Modelaanduidingen ontcijferen
Van de meeste grafische kaarten worden door AMD en Nvidia referentiemodellen ontwikkeld, die zich heel precies aan de specificaties houden. Nvidia verkoopt deze onder de noemer Founder's Edition via de eigen website, maar dan alleen exemplaren van de GTX 1060, 1070, 1080, 1080 Ti en Titan Xp. Er zijn weinig fabrikanten die een referentiemodel in het assortiment hebben zitten. Ze verkopen vaker hun eigen design met hogere kloksnelheden en met stillere (of bij goedkopere versies juist niet bepaald stillere) koelsystemen. Deze kosten afhankelijk van de uitrusting 20 tot 80 euro meer. Elke fabrikant plakt er zijn of haar eigen kenmerkende aanduidingen op die de nadruk leggen op de bijzondere aanpassingen.
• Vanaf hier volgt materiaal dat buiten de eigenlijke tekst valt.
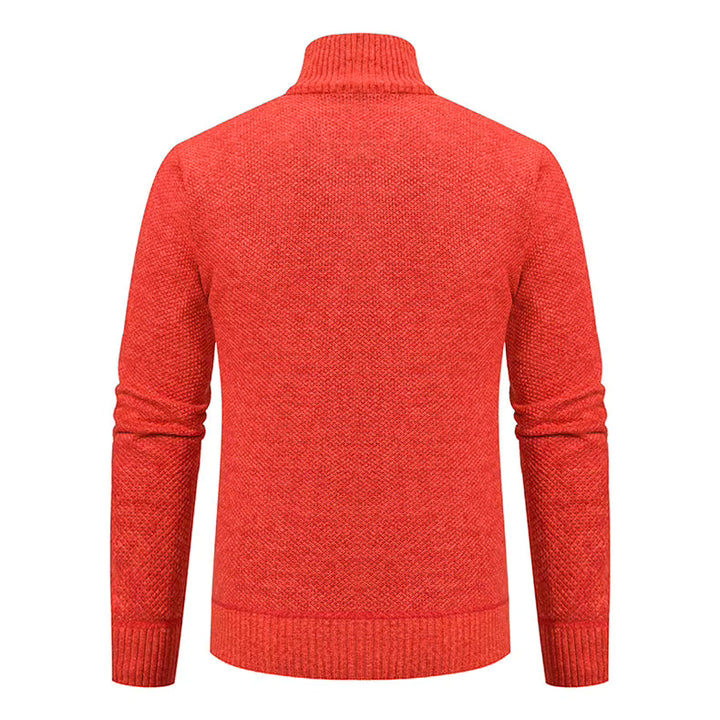 Atticus | Merino Wool Full-Zip Mock-Neck Sweater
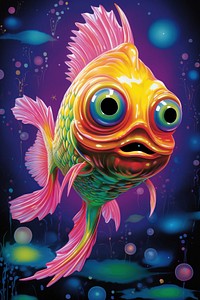 Fish aliens goldfish animal pomacentridae.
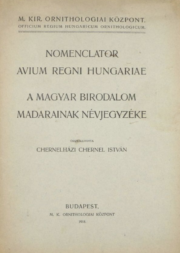 Chernel István - A Magyar Birodalom madarainak névjegyzéke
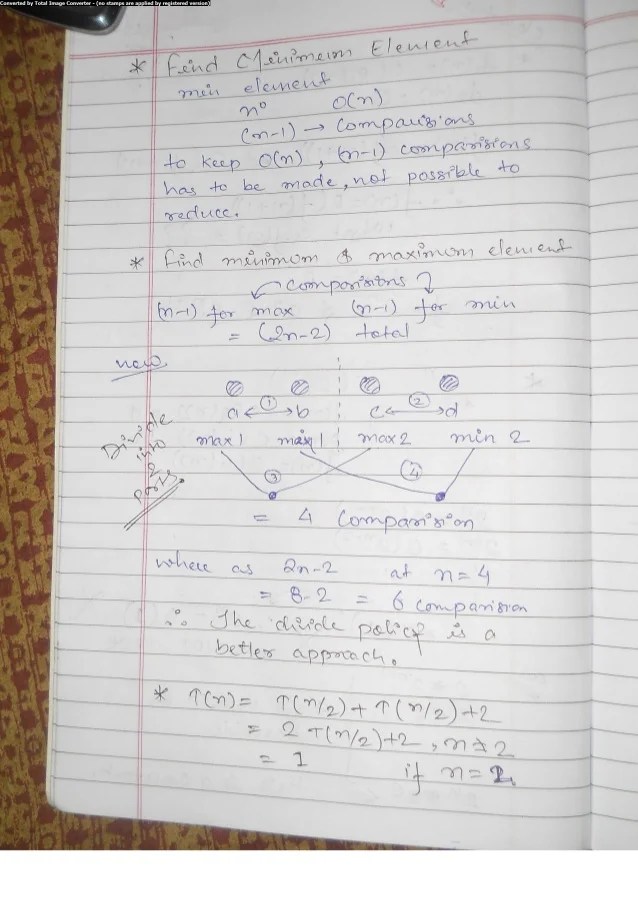 Algorithm Analysis and Design Class Notes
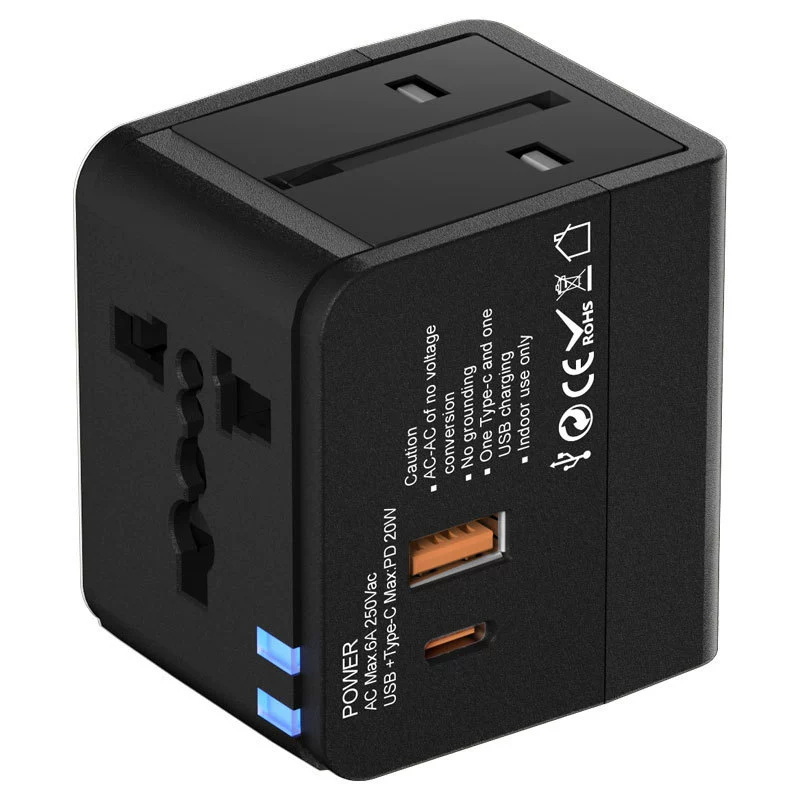 PD20W charging conversion plug multi -country travel plug global conversion socket wireless European rules and regulations conversion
Kaarten die wat opgeschroefd zijn qua snelheid herken je aan de afkorting OC of ROG (Asus), FTW (Evga), Golden Sample (Gainward), Gaming (Gigabyte), Turbo (HIS), Nitro (Sapphire) en AMP (Zotac). Het is nog wel eens de moeite om naar een iets overgeklokte kaart te kijken, en dan niet alleen vanwege net wat meer snelheid (hoewel je daar niet veel van merkt), maar vanwege de betere koeling. De volgende varianten zijn over het algemeen erg stil: de Strix (Asus), IceQ (HIS), Windforce (Gigabyte) en Gaming (MSI). En dan zijn er nog de versies zonder ventilators (passief gekoeld) zoals de KalmX-reeks van Palit, Passive Heatsink van XFX en Zone van Zotac. Aangezien veel moderne grafische kaarten in idle hun ventilatoren stilzetten (ZeroFan-modus), is er eigenlijk geen echte reden meer om een passief gekoelde kaart te gebruiken.